The term "travel budget" has never meant much to Eric Elfman, CEO of Houston software company DataCert. In 2003, when potential client General Electric (NYSE:GE) requested due diligence information on Elfman's company, he hand-delivered the documents to GE's headquarters in Fairfield, Connecticut, along with three other DataCert staffers, including chief technology officer Eric Smith. The trip cost roughly $20,000, but the extra effort paid off: The next day, DataCert landed the deal.
It was no fluke. DataCert plows hundreds of thousands of dollars into plane tickets and hotel rooms each year, requiring employees in a variety of departments--from account representatives to software developers--to meet with prospective clients in person during crucial points in the sales process, often at a moment's notice. "I've rarely gone on a sales call alone," says Paul Zengilowski, the company's director of product marketing. "Our people really know the technical and business problems, and when I show up with them, it demonstrates the depth of the company."
This kind of aggressiveness may seem excessive. But many companies, particularly those selling sophisticated products to other businesses, would be smart to adopt a similar approach to wooing customers, according to Das Narayandas, a Harvard Business School professor who specializes in sales-force management and business-to-business marketing. Companies selling complex products can no longer afford to send a lone salesperson, or even a team of salespeople, to meet with potential clients, he says. Instead, businesses must involve a variety of employees in the sales process, leveraging different parts of the company to create a more consulting-based style. "Flooding the field is a great way to reach a tipping point where the customer finally gets it," Narayandas says. The strategy is potentially even more powerful now that many companies eschew in-person meetings for Web demos and video conferences.

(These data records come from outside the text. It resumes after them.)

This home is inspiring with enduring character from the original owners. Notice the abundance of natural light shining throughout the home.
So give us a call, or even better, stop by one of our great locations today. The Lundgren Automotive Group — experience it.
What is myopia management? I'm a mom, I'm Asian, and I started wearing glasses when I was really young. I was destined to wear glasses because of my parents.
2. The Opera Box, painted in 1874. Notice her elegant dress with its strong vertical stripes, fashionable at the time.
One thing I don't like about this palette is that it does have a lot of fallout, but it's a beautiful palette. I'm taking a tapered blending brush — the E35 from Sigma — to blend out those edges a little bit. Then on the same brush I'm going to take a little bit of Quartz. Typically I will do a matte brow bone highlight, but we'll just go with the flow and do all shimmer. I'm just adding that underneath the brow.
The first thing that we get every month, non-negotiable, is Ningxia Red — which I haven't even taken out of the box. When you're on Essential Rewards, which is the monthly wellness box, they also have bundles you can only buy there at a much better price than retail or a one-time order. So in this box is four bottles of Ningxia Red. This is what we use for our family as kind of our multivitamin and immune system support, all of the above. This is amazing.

DataCert's team strategy was born out of necessity when Elfman and Smith founded the company in 1998. "When we made our first sale, there were only four or five people in the company," Elfman says. "DataCert was a speck compared to other businesses." Rather than rely on telephone sales and remote demos, the partners decided to meet with potential clients in person, bringing along as much of their team as possible. It was a huge investment for a start-up, Elfman says, but it worked: An in-person meeting with several DataCert staffers helped win over a wary UPS (NYSE:UPS) executive, and the shipping company became DataCert's first major contract. "It made a big difference in our decision to go with them," recalls Cyndie Cox, former technology manager of UPS's legal department.

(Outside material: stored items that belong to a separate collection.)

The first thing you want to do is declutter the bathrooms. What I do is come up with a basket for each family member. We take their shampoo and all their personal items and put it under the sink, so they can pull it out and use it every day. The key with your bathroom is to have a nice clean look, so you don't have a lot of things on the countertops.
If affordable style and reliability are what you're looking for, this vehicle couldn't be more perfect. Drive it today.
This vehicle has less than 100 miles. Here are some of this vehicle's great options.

Now that DataCert boasts an impressive roster of blue chip clients, including Microsoft and AT&T, it no longer has as much to prove. But the company's commando-style sales strategy remains the same. These days, about 40 of DataCert's 120 employees are dispatched on sales calls regularly, with teams of between four and six staffers meeting with each sales prospect about half a dozen times. The process has become increasingly tricky to manage as the company has grown. To maintain some semblance of structure, regional sales managers decide which employees should attend each meeting. "We encourage them to bring additional resources to each engagement as aggressively as possible," says Zengilowski. If a contact seems confused about technical aspects of a software program, for instance, the account manager might ask an engineer to give a demonstration.
In many instances, travel plans must be made on the fly, so staffers are permitted to handle their own arrangements. A companywide policy helps keep costs in check by providing guidelines on, say, how much hotel rooms should cost in different cities, and DataCert's senior vice president of sales and marketing, Jeff Bolke, keeps tabs on overall spending. Luxuries like first-class plane tickets are strictly forbidden. "Our co-founders fly coach, so that's the culture," says Zengilowski.

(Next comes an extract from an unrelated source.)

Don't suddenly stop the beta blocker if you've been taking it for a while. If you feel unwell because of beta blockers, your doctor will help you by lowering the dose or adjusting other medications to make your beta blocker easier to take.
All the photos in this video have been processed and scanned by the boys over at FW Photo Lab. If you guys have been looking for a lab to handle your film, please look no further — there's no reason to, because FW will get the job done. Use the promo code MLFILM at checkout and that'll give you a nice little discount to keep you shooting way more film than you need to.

Despite the low-budget ethos, DataCert spends about $100,000 courting each prospective client, often plunking down $30,000 on travel expenses alone. "Our cost of customer acquisition is higher than our competitors', but in the end our deals yield more revenue because of our business model," Elfman says. A yearly subscription to DataCert's service costs $100,000 to $200,000, and fees paid by participating law firms can increase the value of a contract to $500,000 a year. "In essence they're leasing from us," Elfman says. "In year two through infinity, the margin is huge." DataCert's approach doesn't always work. For example, Elfman and five staffers recently made several pricey trips to London to meet with a potential client, only to lose out to another company. It wasn't easy to write off all that time and money, but Elfman has no regrets. "The only way we ever would have won the account is by staffing it the way we did," he insists. "Otherwise we never would have had a shot."